If the first place new technologies find their ‘home’ is pornography, the second is generally politics. (Not that the two are that closely related).
An article in yesterday’s NY Times brought this point into sharp focus.
The demands of a campaign spread across the country, long hours, lots of primaries and lasting more than a year now has serious financial ramifications. Between Obama and Hillary alone, more than $100 million will be spent on getting the nomination. Rudy blew through $40 million for no delegates, while Mitt spent nearly $30 million of his own, and another $30 million from donors to withdraw. This is serious money.
Those costs are reflected in news coverage costs, from CNN to MSNBC to NBC and beyond. As the campaign that never ends goes on and on, so does the cost of coverage for television news outlets under endless pressure to cut costs - while at the same time having to feed more and more outlets.
It was one thing when CBS News just had to feed Walter or Dan at 7pm. It is quite another when the web requires constant, almost live updates. And the TV news organizations are not alone in this. As newspapers start to gravitate toward video, they will also find that feed the voracious appetite of the web is a very expensive proposition.
The result has been the arrival of the small-camera equipped Off Air Reporter.
I put this in bold because this is one of those new professions that technology creates.

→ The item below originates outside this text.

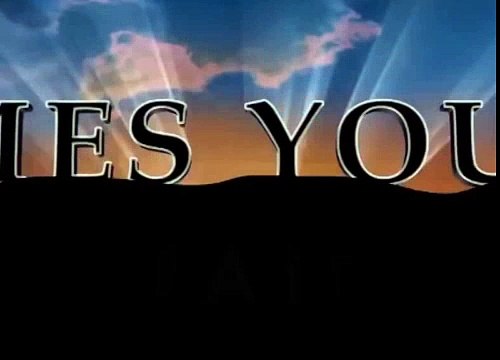 Еще Один Мальчишник 2016 Полный Фильм Смотреть Онлайн в HD 720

Mr. Conroy, whose job title is “off-air reporter,” (because he does not normally appear on television) is one of many young journalists hired by the networks to follow the candidates across the country, filing video and blog posts as they go. Originally hired to cut expenses — their cost is a fraction of a full television crew’s — these reporters, also called “embeds,” have produced a staggering amount of content, especially video. And in this election cycle, for the first time, they are able to edit and transmit video on the fly.
Well, there you have it.
Not from me, but from The NY Times.
If you are wondering where the VJ jobs are. Here is one.
Get your applications in.
There will be many more slots opened in the coming months and years.